Scientists found most promising habitable exoplanets
Credit: ESA, European Southern Observatory and NASA’s Goddard Space Flight Center.

In a new study, researchers identified the most promising target stars for life.

The list is for NASA’s new Transiting Exoplanet Survey Satellite (TESS).

It is designed to ferret out habitable exoplanets and will observe 400,000 stars across the whole sky to catch a glimpse of a planet transiting across the face of its star.

The research was done by a team of astronomers from Cornell University, Lehigh University, and Vanderbilt University.

The catalog includes 1,822 stars for which TESS is sensitive enough to spot Earth-like planets during its mission.

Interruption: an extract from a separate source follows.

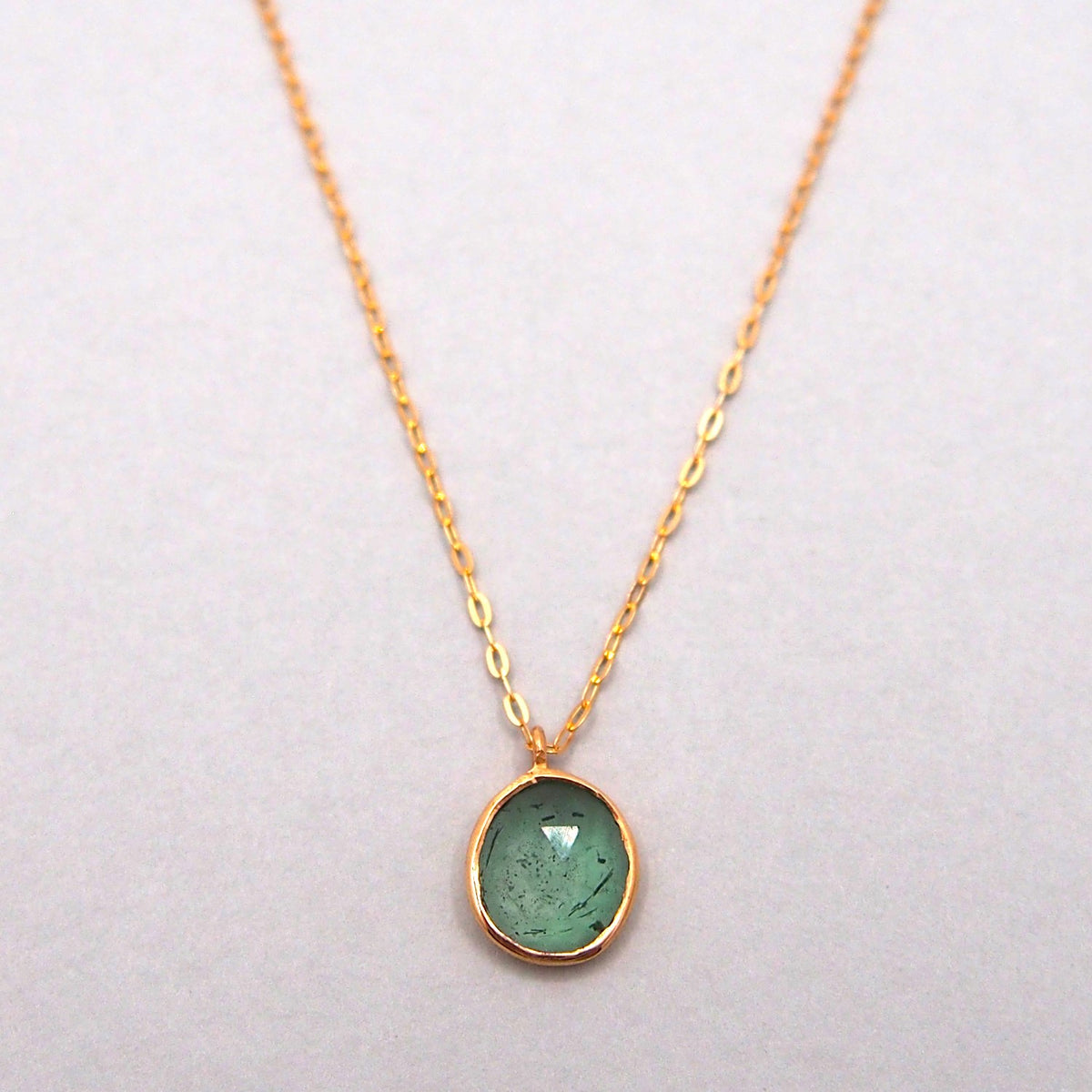 K18 Emerald drop Necklace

The stars selected for the catalog are bright, cool dwarfs, with temperatures between 2,700 and 5,000 degrees Kelvin. The closest stars are only about 6 light-years from Earth.

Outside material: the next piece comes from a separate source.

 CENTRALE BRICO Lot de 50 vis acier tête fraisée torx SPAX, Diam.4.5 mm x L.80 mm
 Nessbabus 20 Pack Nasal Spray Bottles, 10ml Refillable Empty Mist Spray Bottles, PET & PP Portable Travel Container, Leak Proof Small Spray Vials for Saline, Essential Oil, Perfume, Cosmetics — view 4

For 408 stars among them, TESS can glimpse a planet just as small as Earth, with similar irradiation, in one transit alone.

The team suggests that this catalog is important for TESS to find the closest Earth-analogs.

The catalog also contains a subset of 227 stars for which TESS can not only probe for planets but also for which TESS can also probe out farther.

This will allow scientists to probe potentially habitable worlds around hundreds of cool stars during the TESS mission’s lifetime.

In addition, a total of 137 stars in the catalog are within the continuous viewing zone of NASA’s James Webb Space Telescope, now under construction.

The lead author is Lisa Kaltenegger, professor of astronomy at Cornell, director of Cornell’s Carl Sagan Institute and a member of the TESS science team.

In addition to Kaltenegger, Joshua Pepper of Lehigh University and Keivan Stassun and Ryan Oelkers of Vanderbilt University contributed to the catalog.

The study is published in Astrophysical Journal Letters.